Наконец она объявила Шелли, что рассказ почти сочинен, и утром, схватив чистый лист, написала первое предложение: «Это было ненастной ноябрьской ночью». И затем Мери воспроизвела во всех подробностях свой ужасный сон наяву. Сначала она думала уместить рассказ на нескольких страницах, но обрадованный Шелли убедил ее развивать дальше найденную идею. С помощью Шелли она навела справки о Франкенштейнах. Род немецких баронов восходил к Х веку. Был славным и имел достойную историю. Но правду говорят, что дурная слава опережает добрую – недаром самым знаменитым из их рода стал Йохан Конрад Диппель фон Франкенштейн. Он окончил Страсбургский университет. Еще будучи студентом увлекся идеей раскрыть тайну бессмертия. Но в средневековье, мягко говоря, с большим подозрением относились к людям, выкапывающим на кладбище трупы, чтобы производить над ними опыты. Йохану пришлось бежать из Страсбурга в родную Германию, где он стал практиковать как врач. Вскоре он приобрел известность, разбогател и построил в своем родовом замке прекрасно оборудованную лабораторию. За свои изыскания он часто подвергался гонениям. Его смерть покрыта тайной так же, как и его жизнь. По одним источникам он однажды просто исчез, по другим – был найден мертвым в своей лаборатории. Предположили, что он умер от отравления, производя очередной опыт. Произошло это в начале XVIII века. Итак, герой был найден, оставалось перенести его в современные условия, в век XIX.

«Я обязана этим изысканием мужу и настойчивым уговорам продолжить работу. Если бы не Перси, этот роман не увидел бы света в своей окончательной форме».

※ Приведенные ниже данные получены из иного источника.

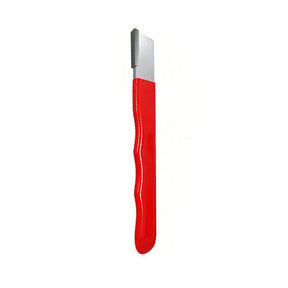 SharpEase – Portable Knife Sharpener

События романа описываются несколькими рассказчиками. Начинается он с писем некоего Роберта Уолтона своей сестре Маргарет. Уолтон пишет ей из России, где набирает команду, чтобы отправиться к Полярному кругу, дабы облагодетельствовать человечество новыми открытиями. На этом рискованном пути его ждут две необыкновенные встречи – вначале мимо них в санях проносится загадочное чудовище, а потом они поднимают на борт тяжело больного человека. Это был Виктор Франкенштейн, который и рассказывает свою трагическую историю. Франкенштейн – талантливый химик и естествоиспытатель. Еще в школьные годы в Женеве он занимался поисками философского камня и эликсира жизни. Виктор штудировал труды средневековых ученых, а после окончания школы уехал в знаменитый университетский городок Ингольштадт и успешно поступил на первый курс биологического отделения. Ему удалось открыть величайшую тайну природы – он создает существо, наделенное необычайным размером и силой. Однако оно оказывается настолько безобразным, что Франкенштейн в ужасе отшатывается от него, надеясь, что едва затеплившаяся жизнь угаснет сама собой. Тяжело пережив первый шок, Виктор выздоравливает и на время возвращается в свой родовой замок подле Женевы.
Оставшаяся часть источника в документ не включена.